Salatin will share how 20 people produce more than $2 million in revenue on a modern farm without going into debt, without relying on synthetic fertilizers or pesticides, while maintaining a healthy lifestyle that they can pass on to future generations.
Finally, on Jan. 30, Salatin will attend a power breakfast hosted by Urban Acres with people already involved in the farming industry. This event is by invitation only and will have public dignitaries present for a ribbon-cutting event to inaugurate their new venue.

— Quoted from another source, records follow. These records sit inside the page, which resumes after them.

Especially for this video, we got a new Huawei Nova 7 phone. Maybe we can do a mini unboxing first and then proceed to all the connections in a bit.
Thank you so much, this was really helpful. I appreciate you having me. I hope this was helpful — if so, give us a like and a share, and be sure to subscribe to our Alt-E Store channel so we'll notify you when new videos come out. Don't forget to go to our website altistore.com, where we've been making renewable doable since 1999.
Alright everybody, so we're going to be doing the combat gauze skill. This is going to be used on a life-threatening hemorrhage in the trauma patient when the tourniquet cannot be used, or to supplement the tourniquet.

Salatin, who holds a bachelor’s degree in English, writes extensively for agricultural magazines that include American Agriculturalist, Acres USA and Stockman Grass Farmer. His family’s farm, Polyface Inc. (“The Farm of Many Faces”) incorporates many ideas implemented by Salatin’s parents. Considered a “local farm,” Polyface Inc. serves more than 3,000 families, 10 retail outlets and 50 restaurants through on-farm sales and metropolitan buying clubs with salad bar beef, pastured poultry, eggmobile eggs, pigaerator pork, forage-based rabbits, pastured turkey and forestry products using relationship marketing.

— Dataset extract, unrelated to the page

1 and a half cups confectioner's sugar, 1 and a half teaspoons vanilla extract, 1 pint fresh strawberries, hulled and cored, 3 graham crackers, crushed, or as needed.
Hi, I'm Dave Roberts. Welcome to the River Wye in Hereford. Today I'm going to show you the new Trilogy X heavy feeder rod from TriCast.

The Salatins’ farm has been featured in Smithsonian Magazine, National Geographic and Gourmet; on radio and television; and in other print news outlets. Profiled on the “Lives of the 21st Century” series with Peter Jennings on ABC World News Tonight, the story prompted more hits than any other segment to date in the show’s after-broadcast chat room. Polyface Inc. achieved iconic status after it was featured in the New York Times bestseller Omnivore’s Dilemma by food guru writer Michael Pollan.

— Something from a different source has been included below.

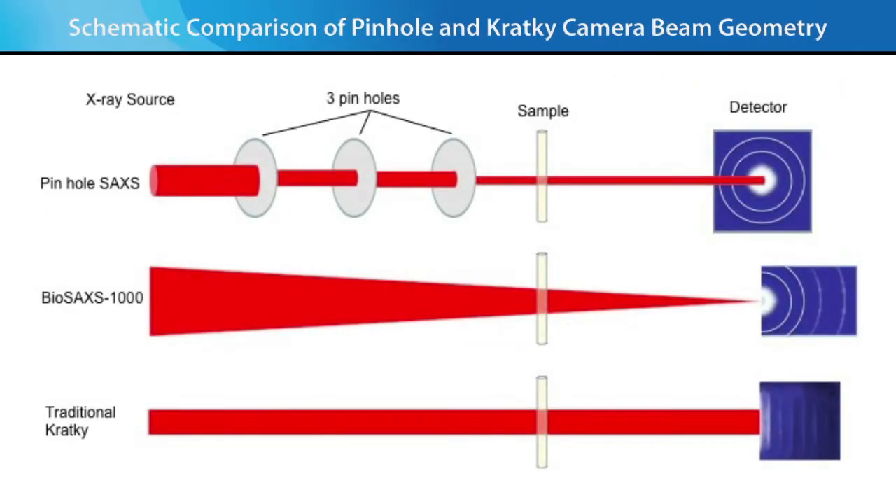Most conventional SAXS systems are three pinhole cameras, where the first and second pinholes are responsible for conditioning the X-ray beam to reach lower scattering vector, and the third pinhole is responsible for eliminating parasitic scattering. In contrast, traditional Kratky systems use a line focus source that increases the flux on the sample compared to three pinhole systems, utilizing collimating blocks or surfaces to condition the beam.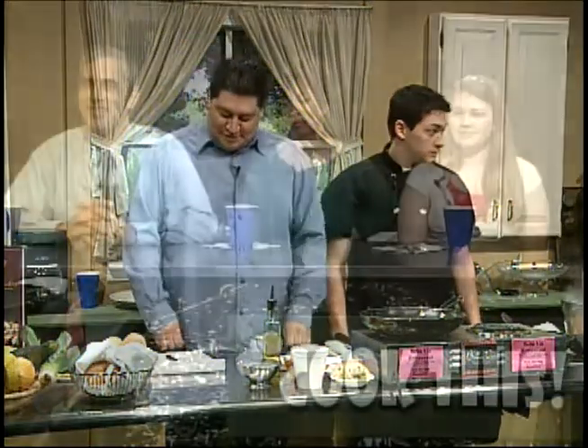Hi, I'm Pete Calvetti and you're watching Cook This, where we take some of our local favorite restaurants and ask them to show us some of their favorite dishes that they make in their restaurant. To introduce our celebrity panel of judges, we have Mr. John Passarella. Thank you. Good morning, John. Good morning to you.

To sign up for the full-day program on Jan. 29, part of the Clean Economy Series, visit www.dcccd.edu/cleaneconomyseries. For details about each program, email Iginia Boccalandro at firstname.lastname@example.org or call her at (469) 554-9202.
Visit the website for Urban Acres Market at www.urbanacresmarket.com/stewards-dinner to reserve a seat for the farm-to-market dinner. Purchase tickets here:
Those interested in the power breakfast hosted by Urban Acres should visit www.carboneconomyseries.com or call (469) 554-9202.
When & Where
Clean Economy Series
The Clean Economy Series is an educational series to offset our carbon footprint consisting of a free public lecture and intensive workshop applicable to both Texas and the rest of the planet. World-renowned speakers will teach working systems and models to regenerate agriculture, increase the ability to grow biomass, produce organic food, build soil, sequester carbon from the atmosphere, conserve water and reduce soil erosion. The intention of the Clean Economy Series is to help the average homeowner, food gardener, farmer, rancher, land owner and landscape professional get more value from their practice and use waste as a resource while replenishing the soil’s health and vitality. We want to support a more sustainable future for the state of Texas.